Stored data entries:
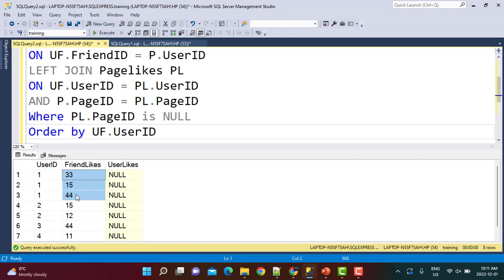This is a simple way to provide page recommendations to users based on pages liked by their friends but not already liked by the user. I hope you found this video useful. If you did, please subscribe to our YouTube channel. All the syntax and practice data is available in the link in the description.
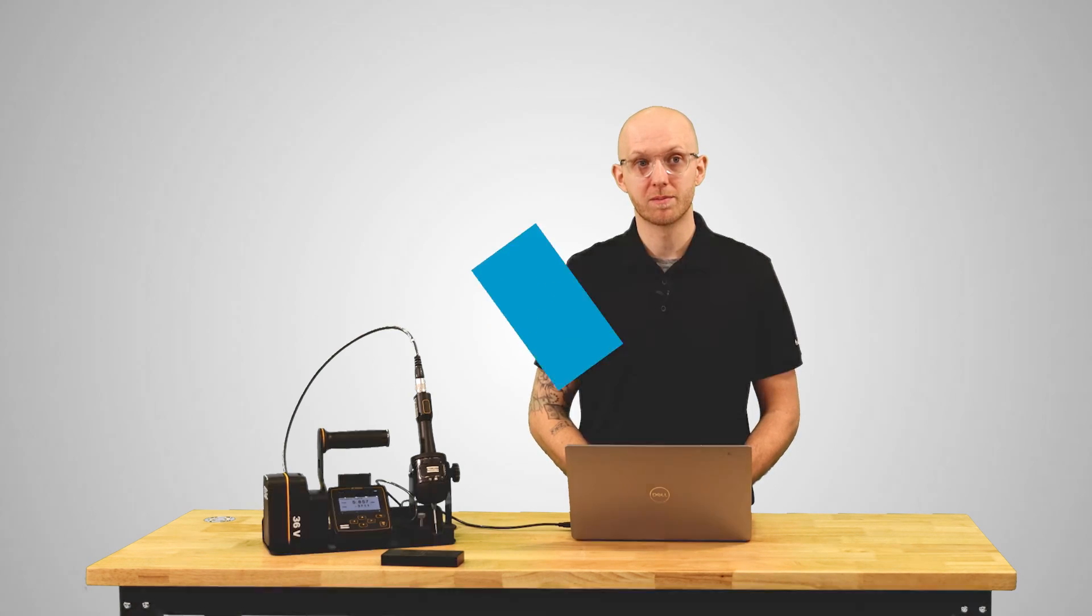This has been an overview of the seating control strategy on the MicroTorque system. For any other questions feel free to reach out to your Atlas Copco representative. Thanks for watching.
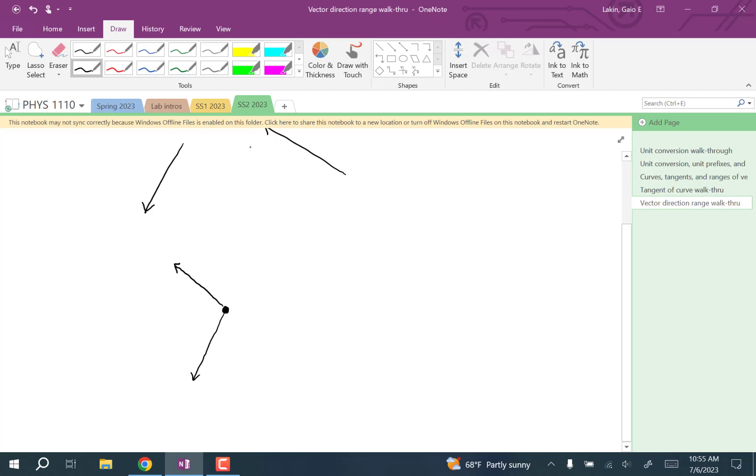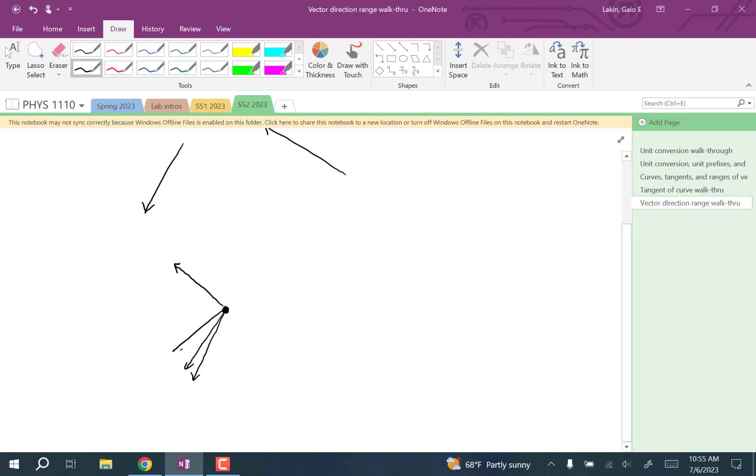Now draw in all the vectors indicating the range of directions between these two. Pause the video and be sure that you choose the right arc between these two. We always want to choose the shortest path between these two and fill that in. This indicates the range of directions in between those two starting vectors.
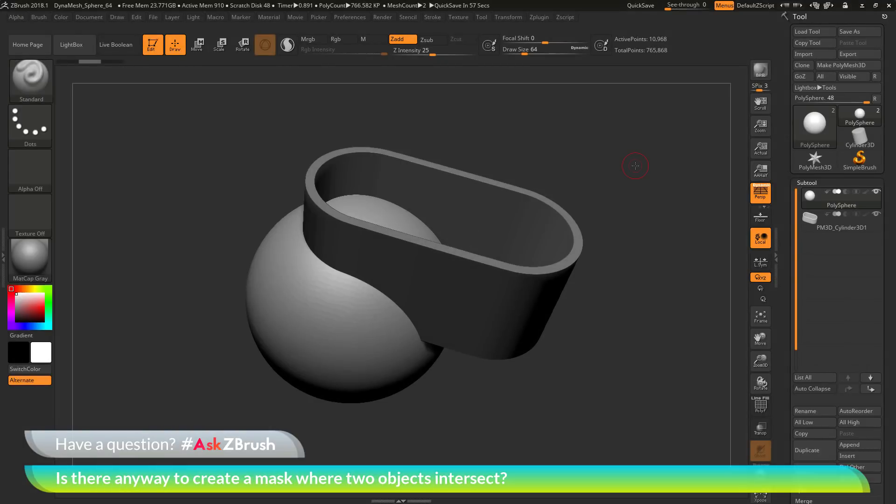This is Joseph Drust and welcome back to another episode of Ask ZBrush. We had a question sent in asking: is there any way to create a mask where two objects intersect?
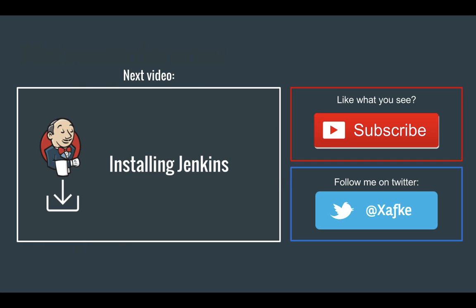So that's it for the introduction. Curious to learn more about Jenkins? In the next video I'll show you how you can install Jenkins on a Linux server. And if you like my videos make sure to subscribe to my channel or follow me on Twitter.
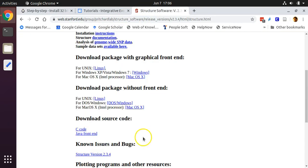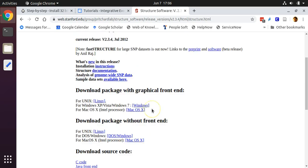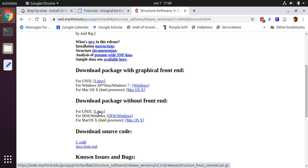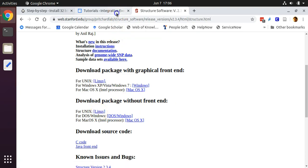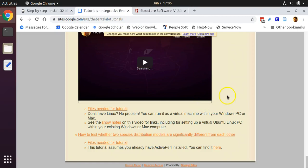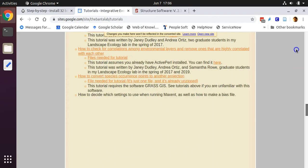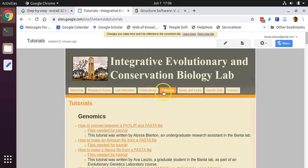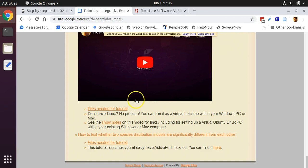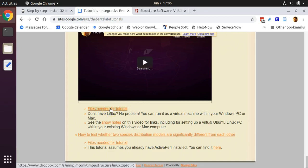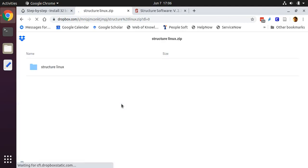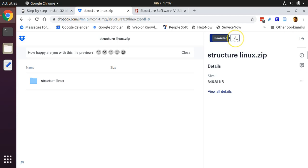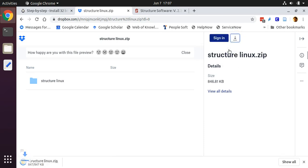You can download the command line version from the STRUCTURE website and click on download package without front end for Linux. Or what I recommend is to download it from my website, joshbanta.com. From there, click on tutorials and scroll to the bottom for the data accompanying this tutorial. The reason I suggest downloading from my website is that I have included some extra files so that I can demo for you how to use STRUCTURE once you have it installed. Click on the download button and select direct download.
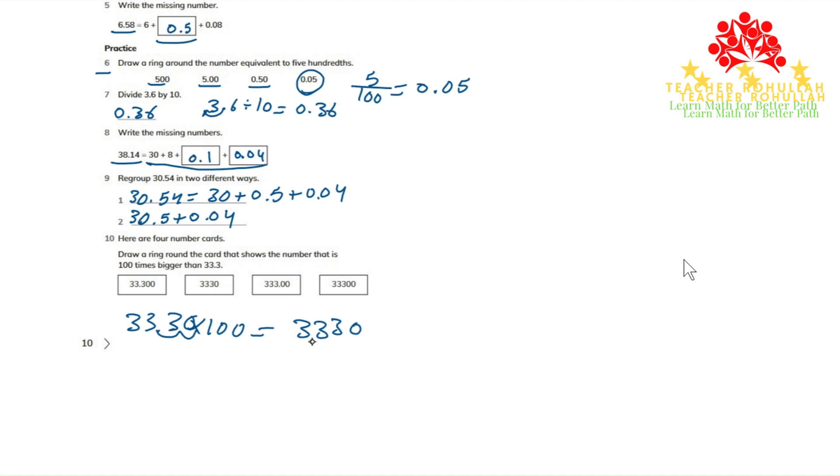3,330. Which one is showing 3,330? The number that shows 3,330 is here. This one is 100 times bigger than 33.3.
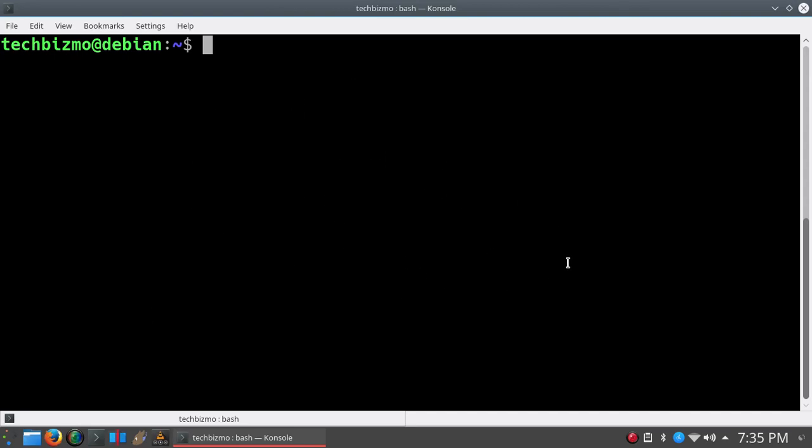The second step is to type 'su' in the terminal. This will ask for the root password. Basically, you created this password at the beginning of the Debian installation. A lot of times it can be different from the actual user's password or the administrator password.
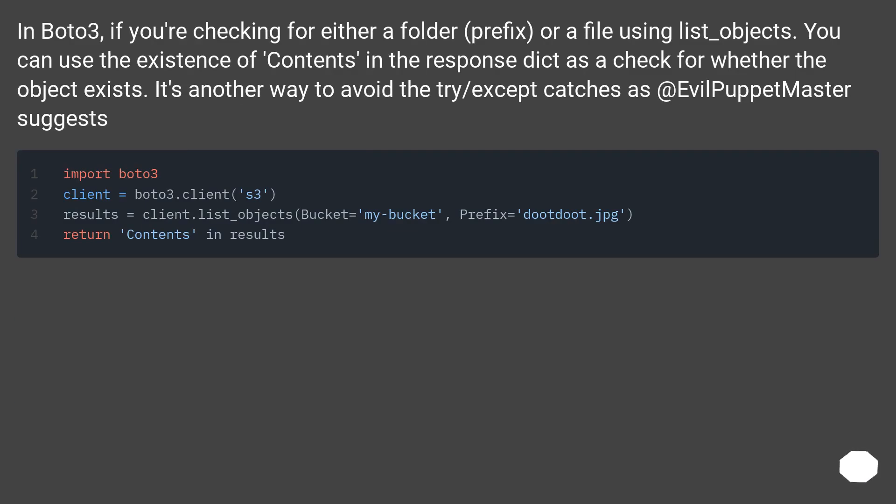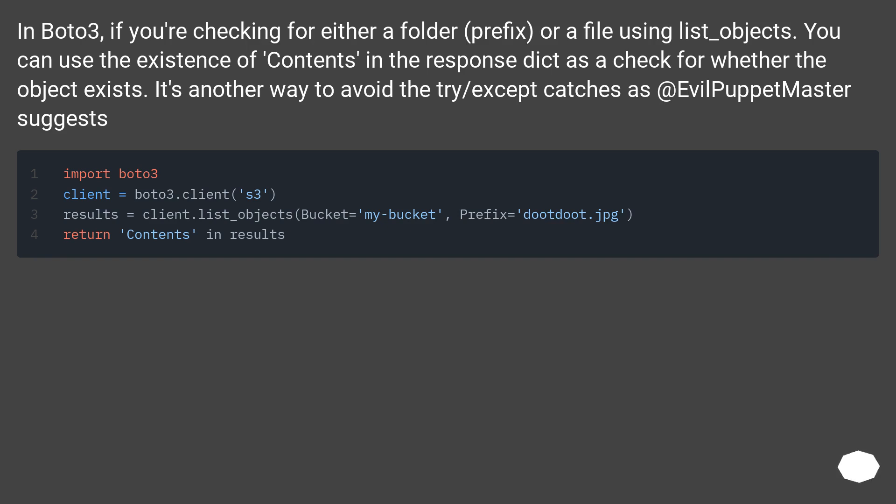In BOTO3, if you're checking for either a folder (prefix) or a file using list_objects, you can use the existence of 'Contents' in the response dict as a check for whether the object exists. It's another way to avoid the try/except catches as EvilPuppetMaster suggests.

### How to complete this task:
Retype each record exactly as it stands, but do not include the pictures.

### The completed task:
This is a simple way to provide page recommendations to users based on pages liked by their friends but not already liked by the user. I hope you found this video useful. If you did, please subscribe to our YouTube channel. All the syntax and practice data is available in the link in the description.
This has been an overview of the seating control strategy on the MicroTorque system. For any other questions feel free to reach out to your Atlas Copco representative. Thanks for watching.
Now draw in all the vectors indicating the range of directions between these two. Pause the video and be sure that you choose the right arc between these two. We always want to choose the shortest path between these two and fill that in. This indicates the range of directions in between those two starting vectors.
This is Joseph Drust and welcome back to another episode of Ask ZBrush. We had a question sent in asking: is there any way to create a mask where two objects intersect?
So that's it for the introduction. Curious to learn more about Jenkins? In the next video I'll show you how you can install Jenkins on a Linux server. And if you like my videos make sure to subscribe to my channel or follow me on Twitter.
You can download the command line version from the STRUCTURE website and click on download package without front end for Linux. Or what I recommend is to download it from my website, joshbanta.com. From there, click on tutorials and scroll to the bottom for the data accompanying this tutorial. The reason I suggest downloading from my website is that I have included some extra files so that I can demo for you how to use STRUCTURE once you have it installed. Click on the download button and select direct download.
3,330. Which one is showing 3,330? The number that shows 3,330 is here. This one is 100 times bigger than 33.3.
The second step is to type 'su' in the terminal. This will ask for the root password. Basically, you created this password at the beginning of the Debian installation. A lot of times it can be different from the actual user's password or the administrator password.
In BOTO3, if you're checking for either a folder (prefix) or a file using list_objects, you can use the existence of 'Contents' in the response dict as a check for whether the object exists. It's another way to avoid the try/except catches as EvilPuppetMaster suggests.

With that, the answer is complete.